§ **INFORMATION SUPPLIED**:
· · ·

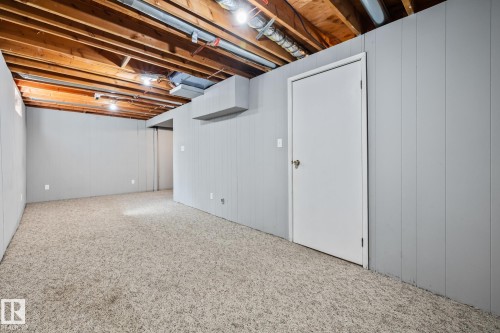 2B Clareview Village, Edmonton, AB - Indoor Photo Showing Basement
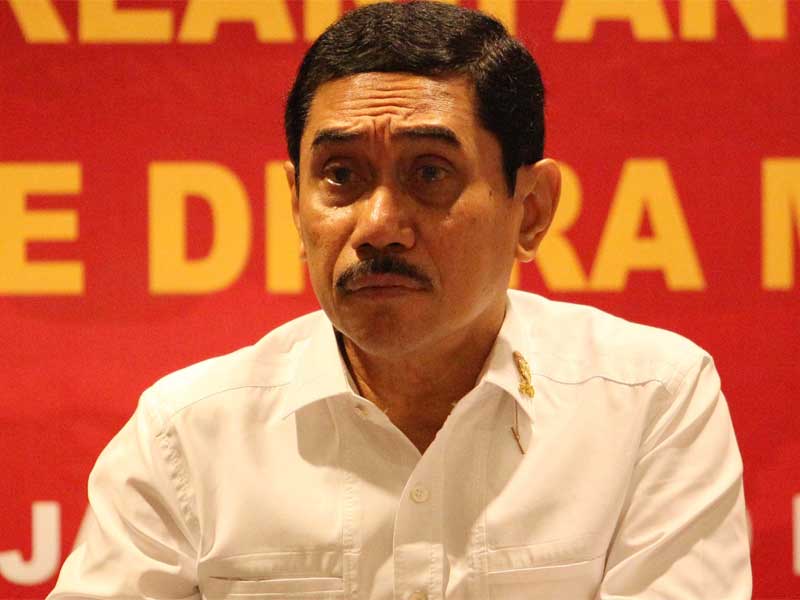 Kepala BNPT Suhardi Alius.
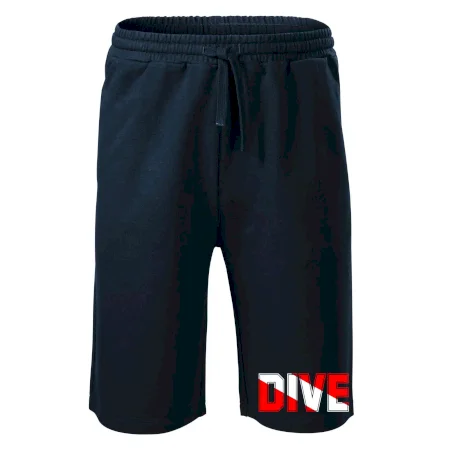 Dive nápis vlajka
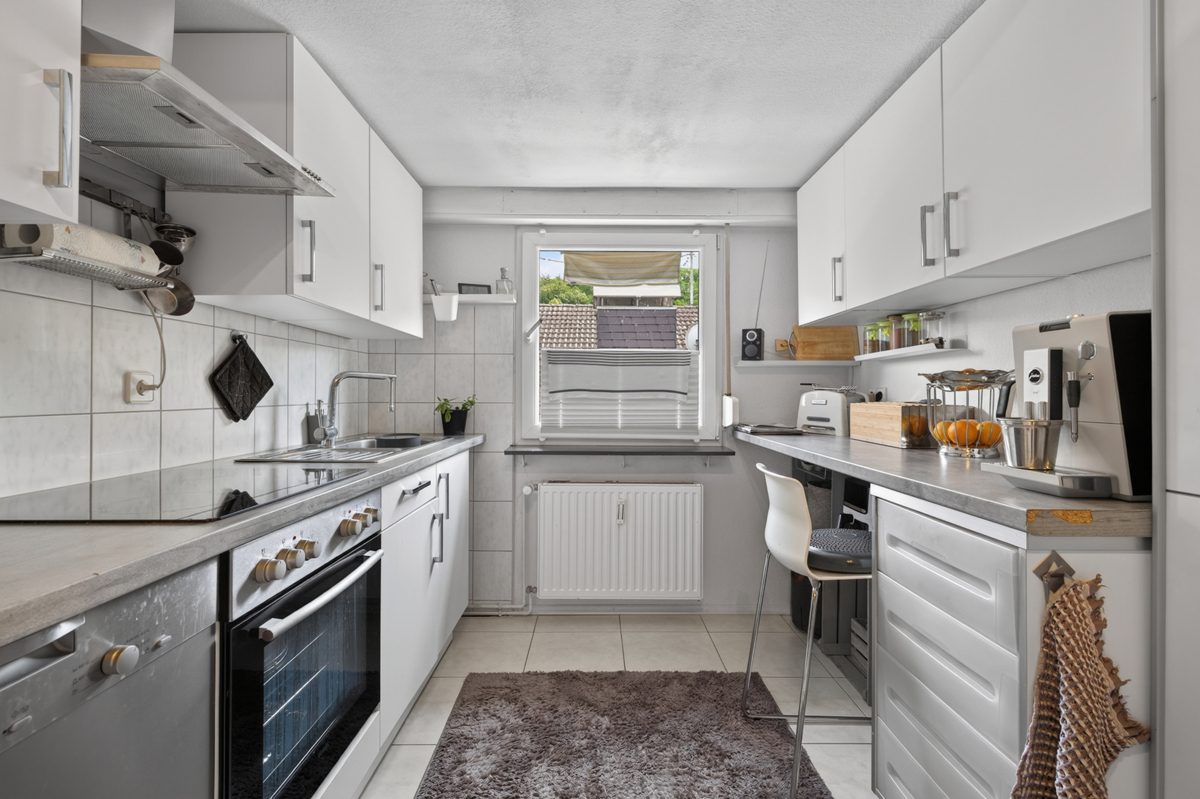 Immobilienangebot - Karlsruhe / Wolfartsweier - Wohnen & Anlage - Fünf Einheiten, verlässliche Mietverhältnisse und Potenzial für die Zukunft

· · ·

§ **PROMPT**:
In the copy, include no pictures; everything else in the material should be written out exactly.

§ **OUTPUT OF THE EXERCISE**:
 2B Clareview Village, Edmonton, AB - Indoor Photo Showing Basement
 Kepala BNPT Suhardi Alius.
 Dive nápis vlajka
 Immobilienangebot - Karlsruhe / Wolfartsweier - Wohnen & Anlage - Fünf Einheiten, verlässliche Mietverhältnisse und Potenzial für die Zukunft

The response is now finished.